■ **Problem to solve**: Without the pictures, copy all of the data exactly.

■ **Source material**:
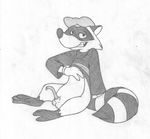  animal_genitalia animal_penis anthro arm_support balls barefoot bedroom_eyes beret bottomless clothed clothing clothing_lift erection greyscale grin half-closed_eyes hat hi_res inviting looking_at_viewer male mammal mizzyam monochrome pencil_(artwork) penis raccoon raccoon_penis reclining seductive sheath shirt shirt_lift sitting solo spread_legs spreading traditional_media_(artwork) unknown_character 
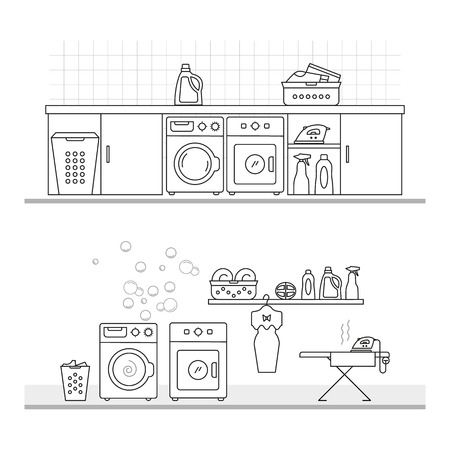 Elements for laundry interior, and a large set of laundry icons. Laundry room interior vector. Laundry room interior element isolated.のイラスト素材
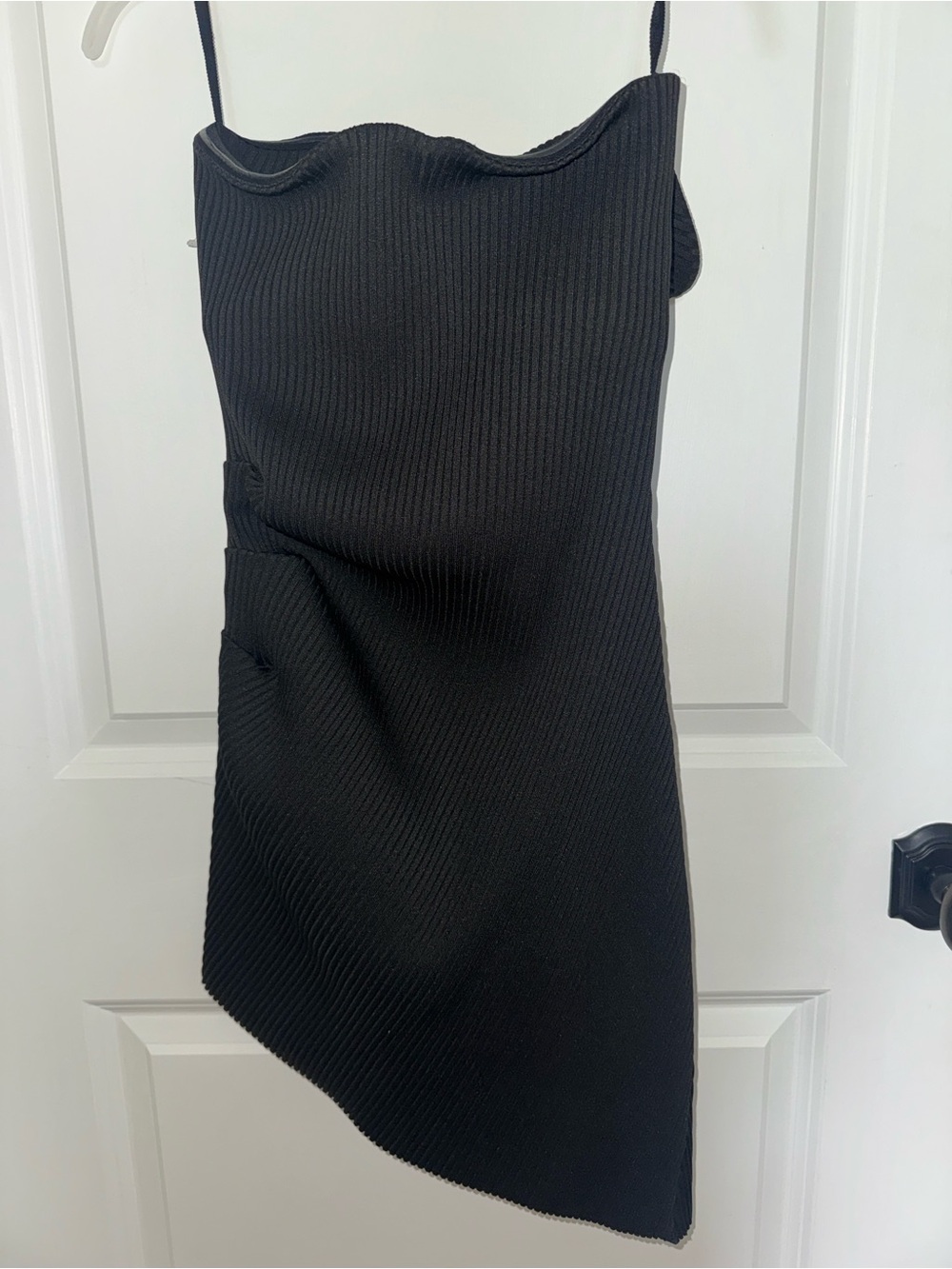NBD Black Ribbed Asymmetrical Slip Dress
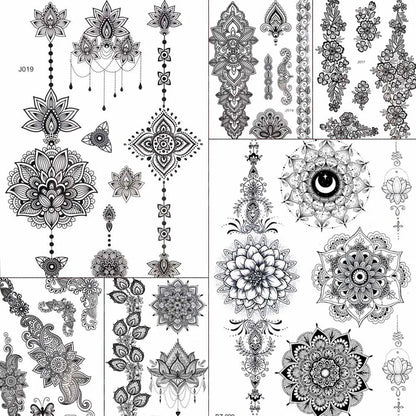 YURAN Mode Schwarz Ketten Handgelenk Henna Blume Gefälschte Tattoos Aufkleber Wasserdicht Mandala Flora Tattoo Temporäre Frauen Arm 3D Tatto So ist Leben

■ **Output**:
  animal_genitalia animal_penis anthro arm_support balls barefoot bedroom_eyes beret bottomless clothed clothing clothing_lift erection greyscale grin half-closed_eyes hat hi_res inviting looking_at_viewer male mammal mizzyam monochrome pencil_(artwork) penis raccoon raccoon_penis reclining seductive sheath shirt shirt_lift sitting solo spread_legs spreading traditional_media_(artwork) unknown_character 
 Elements for laundry interior, and a large set of laundry icons. Laundry room interior vector. Laundry room interior element isolated.のイラスト素材
NBD Black Ribbed Asymmetrical Slip Dress
 YURAN Mode Schwarz Ketten Handgelenk Henna Blume Gefälschte Tattoos Aufkleber Wasserdicht Mandala Flora Tattoo Temporäre Frauen Arm 3D Tatto So ist Leben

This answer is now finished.